This workshop is scheduled for July 9th, 2024.
Table of Contents
Join us for an engaging Spark workshop tailored for beginners, where we'll dive into both theoretical concepts and practical application. Delve into the fundamental principles of Spark, learning about its architecture, data processing capabilities, and use cases. Then, roll up your sleeves for hands-on practice, where you'll apply what you've learned in real-world scenarios. By the end of the workshop, you'll have a basic understanding of Spark and the confidence to start building your own data processing pipelines.
This section enumerates the primary frameworks/libraries employed to initiate the workshop.
Begin by following these detailed guidelines to set up your local environment seamlessly. These instructions will walk you through the process, ensuring a smooth start to your local development journey.
Please Pre-install the following software:
- Git: https://git-scm.com/book/en/v2/Getting-Started-Installing-Git
- Docker Desktop: https://www.docker.com/products/docker-desktop/ (Please refer to the instructions below based on your operating system.)
- (Optional) IDE (e.g., VS Code or IntelliJ)

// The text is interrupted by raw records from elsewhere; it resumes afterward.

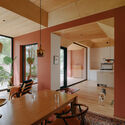 House of  Rasing the Umbrella / Chaoffice - Interior Photography, House Interiors, Chair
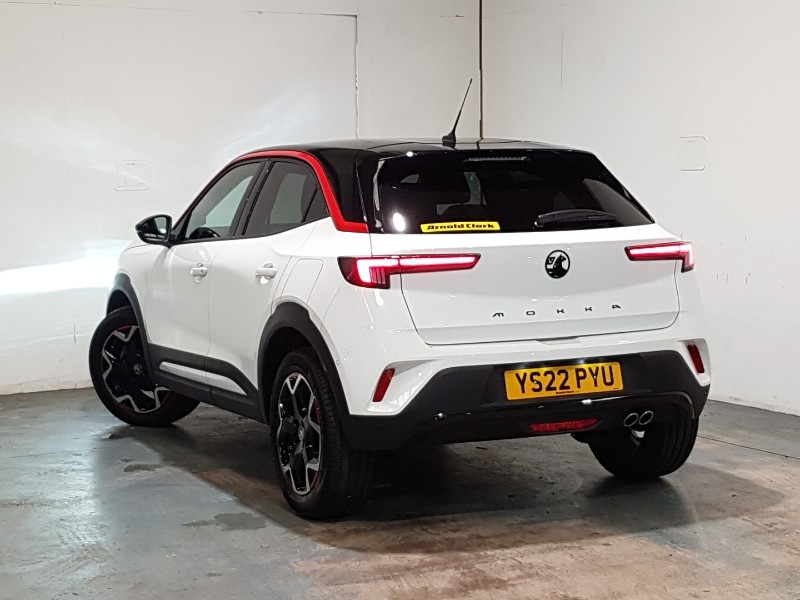 Used Vauxhall Mokka 2022 for sale - 76383472: Photo 3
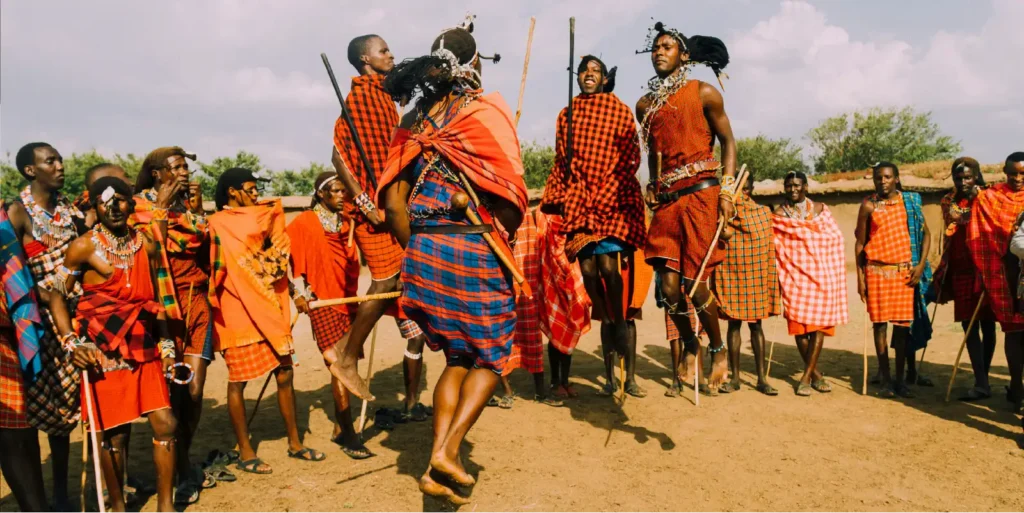 Experience a Cultural Safari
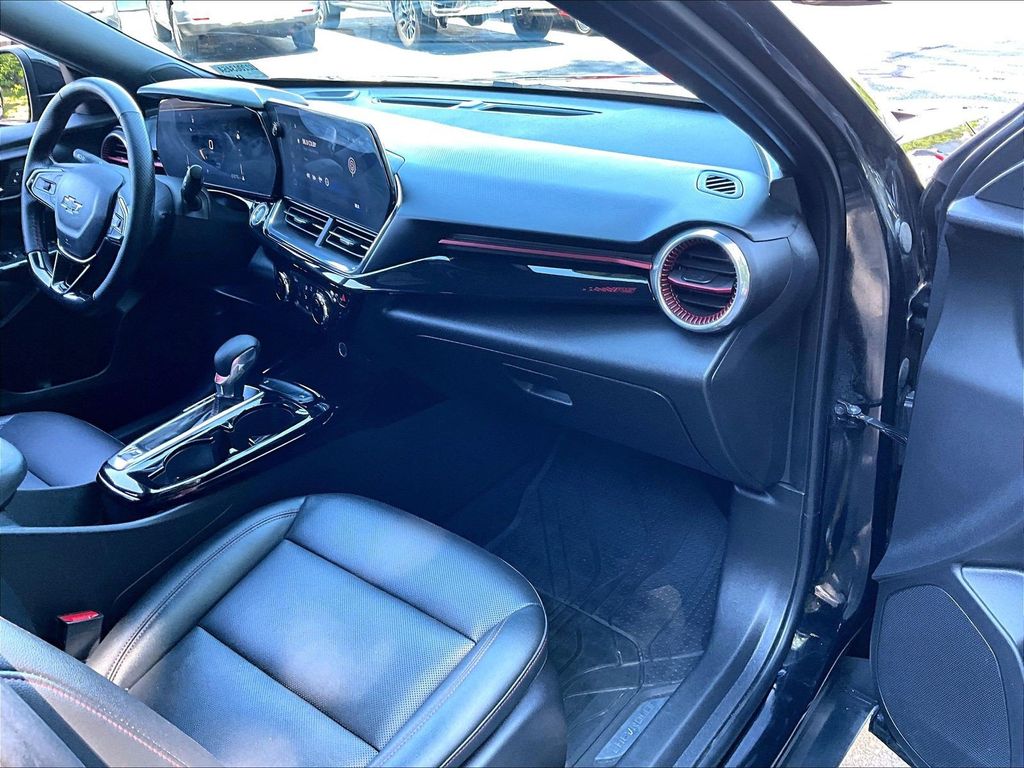 2024 Chevrolet Trax — photo 13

Two methods are available for installing Docker Desktop on Windows: using WSL or Hyper-V. Both approaches are outlined below in Step 1.
-
Choose one of the described options and install all necessary functions.
(Recommended) Running Docker Desktop on Windows with WSL
Open Windows Powershell as Administrator and run the following commands:
wsl --install
The first time you launch a newly installed Linux distribution, a console window will open and you'll be asked to wait for files to de-compress and be stored on your machine. Once you have installed WSL, you will need to create a user account and password for your newly installed Linux distribution.
⚠️ Occasionally, Ubuntu installation may terminate unexpectedly, displaying an Error Code (e.g., Error code: Wsl/InstallDistro/E_UNEXPECTED). In such cases, you may need to enable Virtual Machine within your CPU Configurations in the BIOS or activate Virtual Environment in Windows Features!
Running Docker Desktop on Windows with Hyper-V backend
Open Windows Powershell as Administrator and run the following commands:
Enable-WindowsOptionalFeature -Online -FeatureName Microsoft-Hyper-V -All Enable-WindowsOptionalFeature -Online -FeatureName Containers -All Enable-WindowsOptionalFeature -Online -FeatureName VirtualMachinePlatform -All
-
Donwload the Docker Desktop file from the Docker Website and follow instructions.
-
After installation open Docker Desktop.
-
Donwload the Docker Desktop file from the Docker Website and follow instructions.
-
After installation open Docker Desktop.
Please follow the instructions to setup your local programming environment. These guidelines will ensure that you have all the necessary tools and configurations in place for a smooth and efficient development experience during our workshop.
-
Obtain a free Personal Access Token (PAT) from https://docs.github.com/PAT and use it to authenticate yourself locally.
-
Clone the repository of our spark workshop.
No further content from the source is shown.